▸ What to do: Could you set down exactly the lines in the records below between the line holding "Can Flu Viruses" and the line holding "Rabbit anti-MBD3 Antibody, Affinity Purified", inclusive?
-- Provided entries follows --
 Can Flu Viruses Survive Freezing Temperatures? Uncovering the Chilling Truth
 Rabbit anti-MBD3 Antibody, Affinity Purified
-- Provided entries concluded --
-- Provided entries follows --
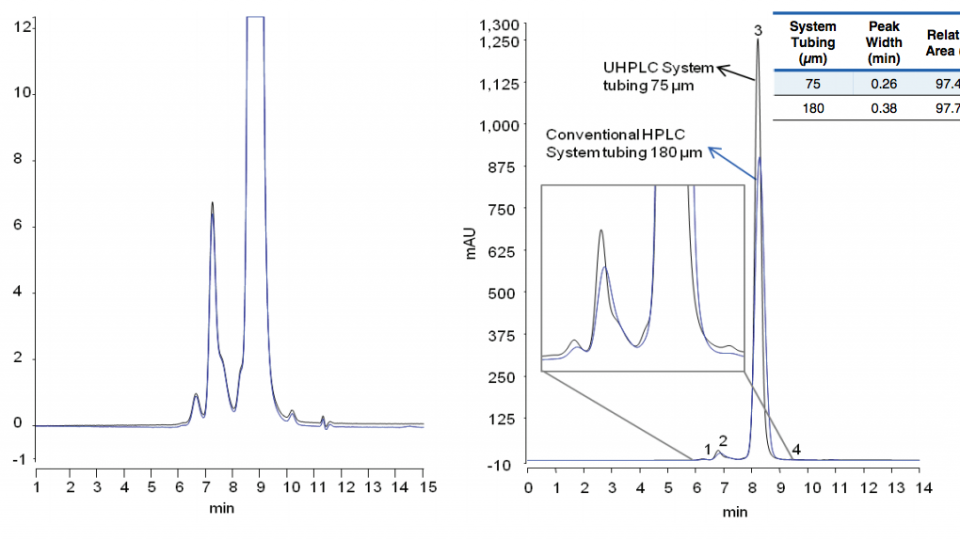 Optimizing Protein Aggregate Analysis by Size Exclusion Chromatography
-- Provided entries concluded --
▸ Reply:
 Can Flu Viruses Survive Freezing Temperatures? Uncovering the Chilling Truth
 Rabbit anti-MBD3 Antibody, Affinity Purified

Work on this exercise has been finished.